The first obviously concerns Red Bull who have suffered three disastrous tests in Jerez and Bahrain. The Renault engine would appear to be the least competitive on the grid over the pre-season but there's no question but there are other problems affecting the car in terms of its packaging.
We all know that Adrian Newey is fastidious when it comes to packaging all the various elements of an F1 car under the skin and this space-saving has, in the past, created problems which the team have had to overcome. Invariably they have done so and have come out the other side stronger than ever. Why should we expect it to be any different this time around?
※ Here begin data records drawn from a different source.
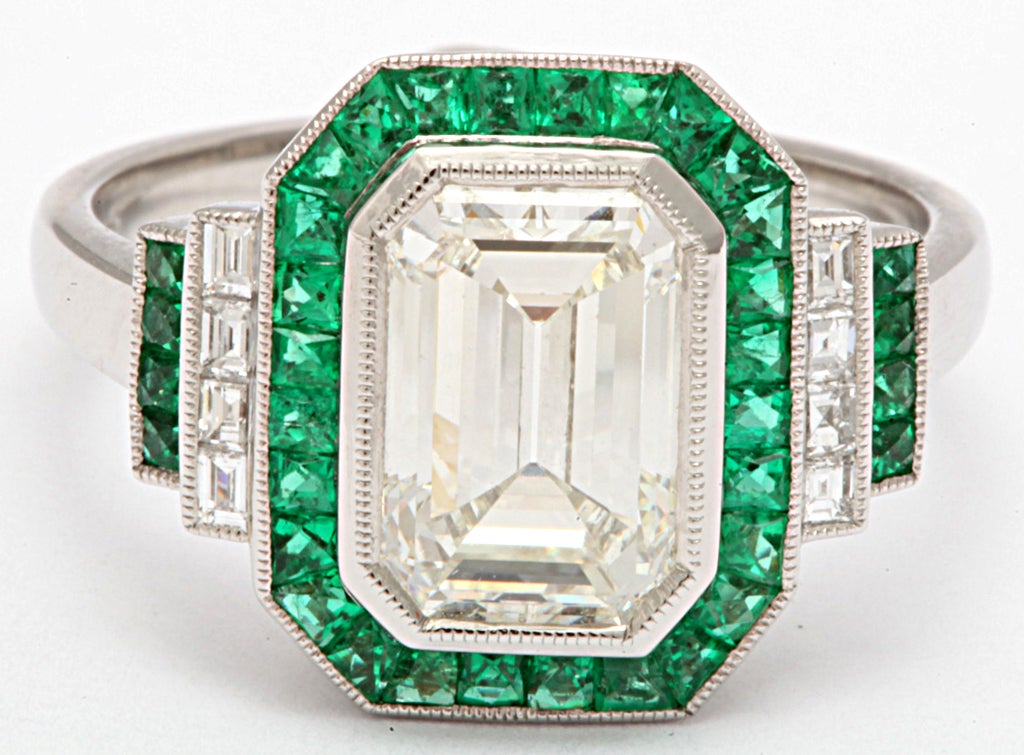 Women's Striking Emerald Diamond Ring For Sale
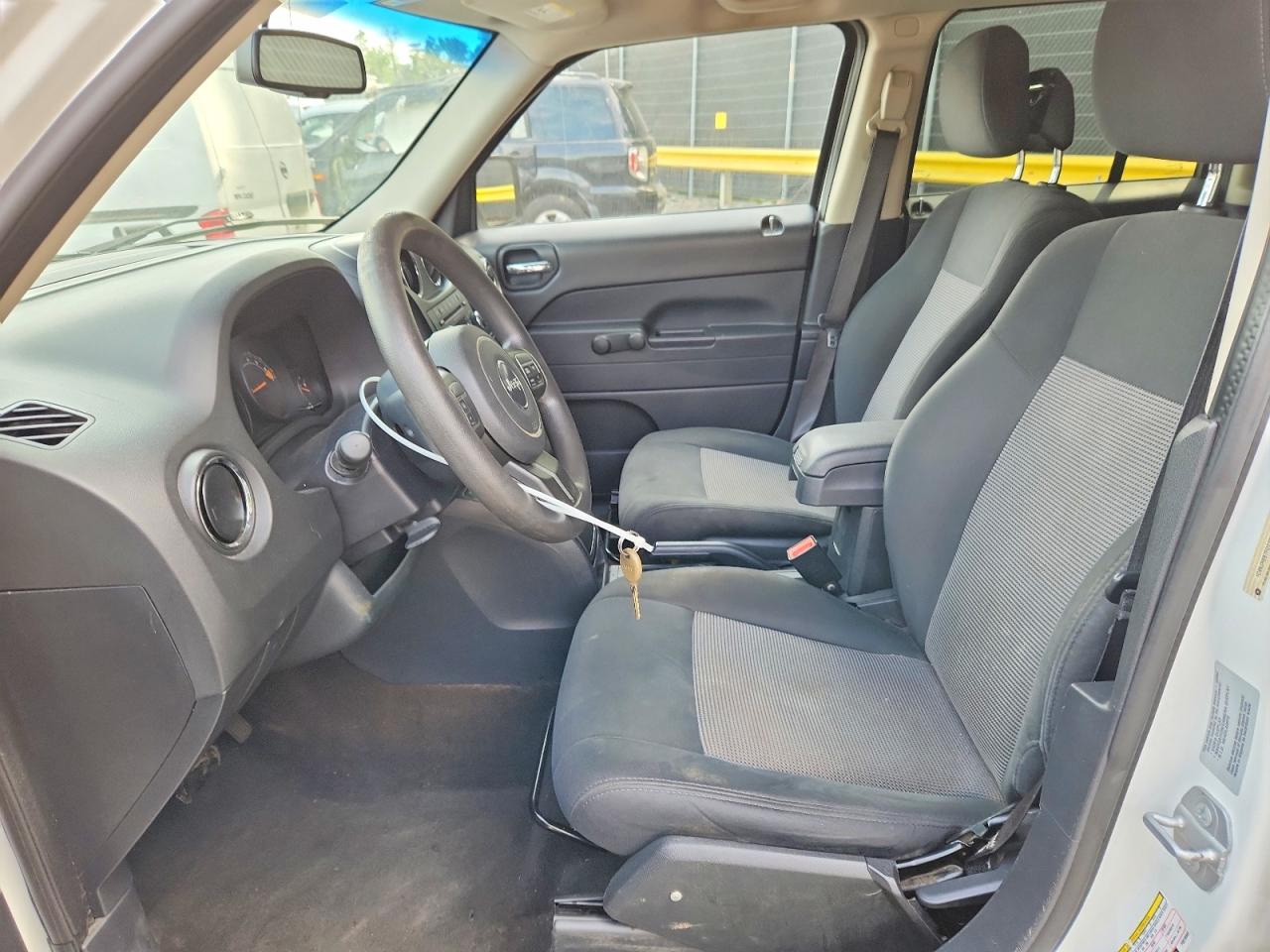 2015 JEEP PATRIOT SPORT photo 19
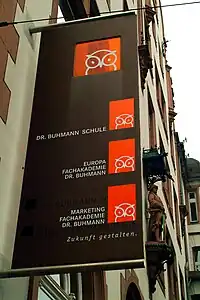 Infotafel mit den drei Abteilungen der Schule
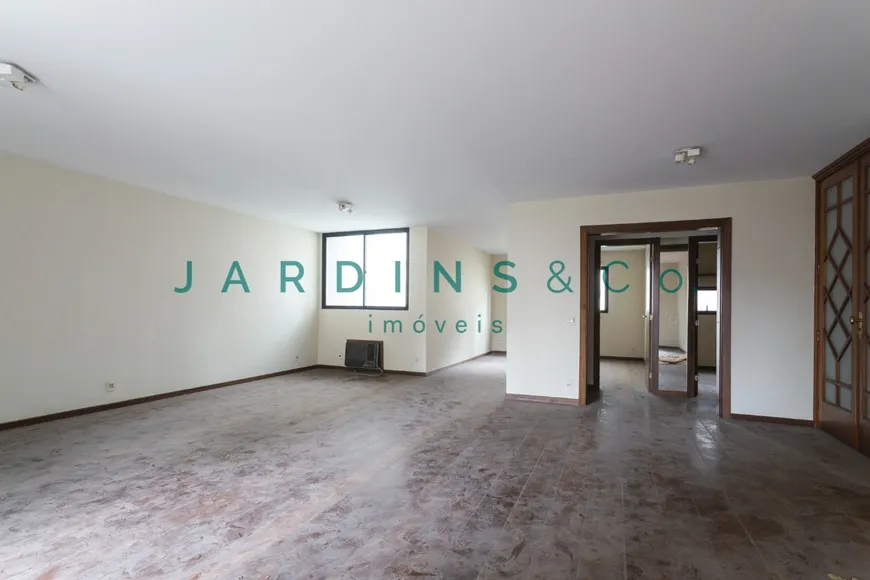 Foto 1 de Apartamento com 3 Quartos à venda, 268m² em Itaim Bibi, São Paulo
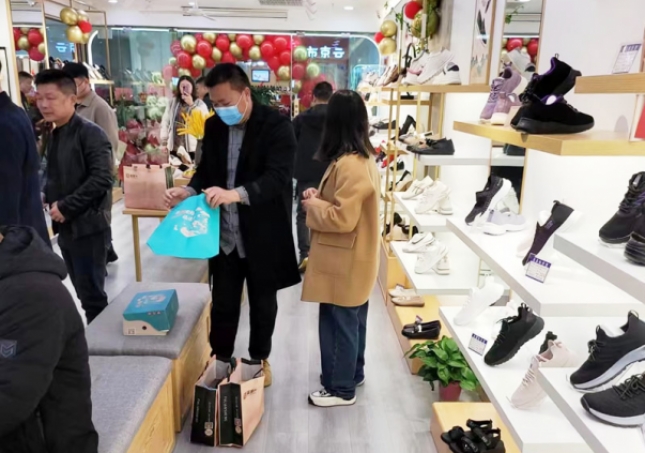 實體鞋店的鞋子利潤多大才賺錢？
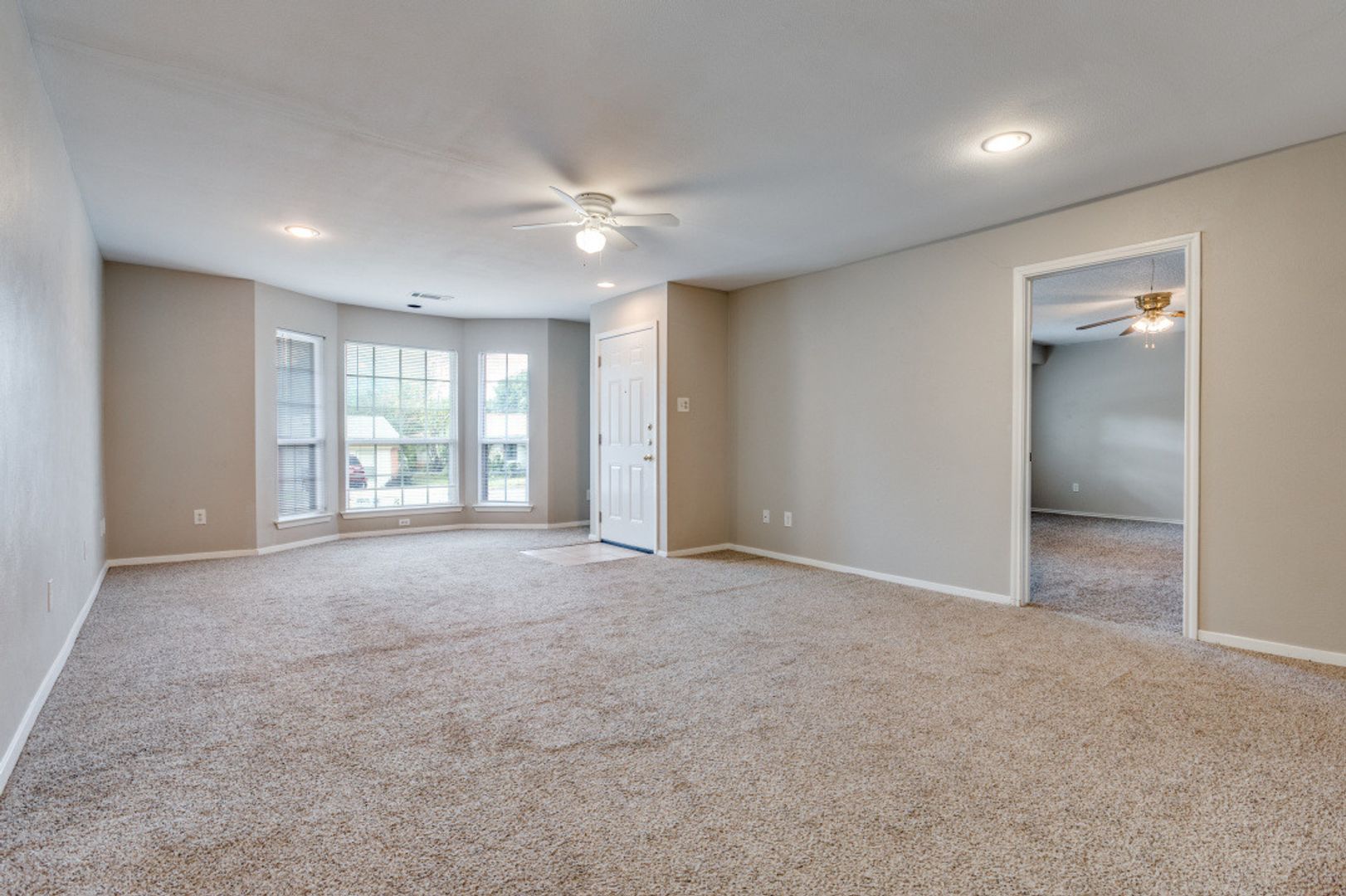 Ready to Lease! 4 Bd, 2 Ba | N. Arlington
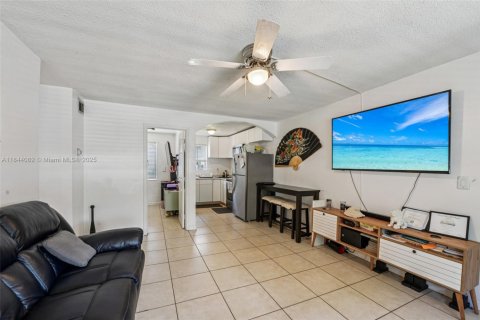 Condo in Hollywood, Florida, 1 bedroom  № 1839192 - photo 6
|Red Bull: not a pre-season to write home about! |
(Photo by Mark Thompson/Getty Images)
It is likely to be a difficult start to the season for them but I would be confident that, by the time they get to Europe, Newey will have expelled the gremlins from the machine.
Based on pre-season times, which tend not to be indicative of true pace, the Renault engine will not be the fastest on the grid but I would expect Red Bull to be leading the French Marque's charge by mid-season.
The other possibility is, of course, that Red Bull suffer the way McLaren did last year.
Seeing another top team suffer an Annus Horribilis as they struggle to keep pace with the front-runners is not a prospect that I look forward to. I would prefer to see the teams at the back catch up to the front four rather than watch one of the front four fall back into the pack: the latter is a temporary spectacle that does nothing for the sport whilst the former represents a marked improvement that can result in spectacular and unpredictable races.
The pre-season engine has definitely been the Mercedes with both the Marque team, Williams and Force India indicating that it will be the engine to beat in the coming season. But what of McLaren?
|Mercedes Engines have been looking good in pre-season|
(and of course Bahrain will be under lights)
Photo copyright of Mercedes
Perhaps McLaren will have to endure another depressing year struggling to keep up with Williams and Force India before finding their feet in 2015 with the new Honda Works engine. That of course is predicated on the expectation that Honda will come out of the box at a sprint. All other engine suppliers will have had this coming year in the cars to learn and improve, Honda will be starting from scratch.
With such a strange preseason the joke has been going around that most of the cars won't see the chequered flag in Melbourne but underneath the pithy tweets and news reports there is an underlying seriousness which wonders if the event that we are all looking forward to, the 2014 season opener, will be less spectacle and more fiasco!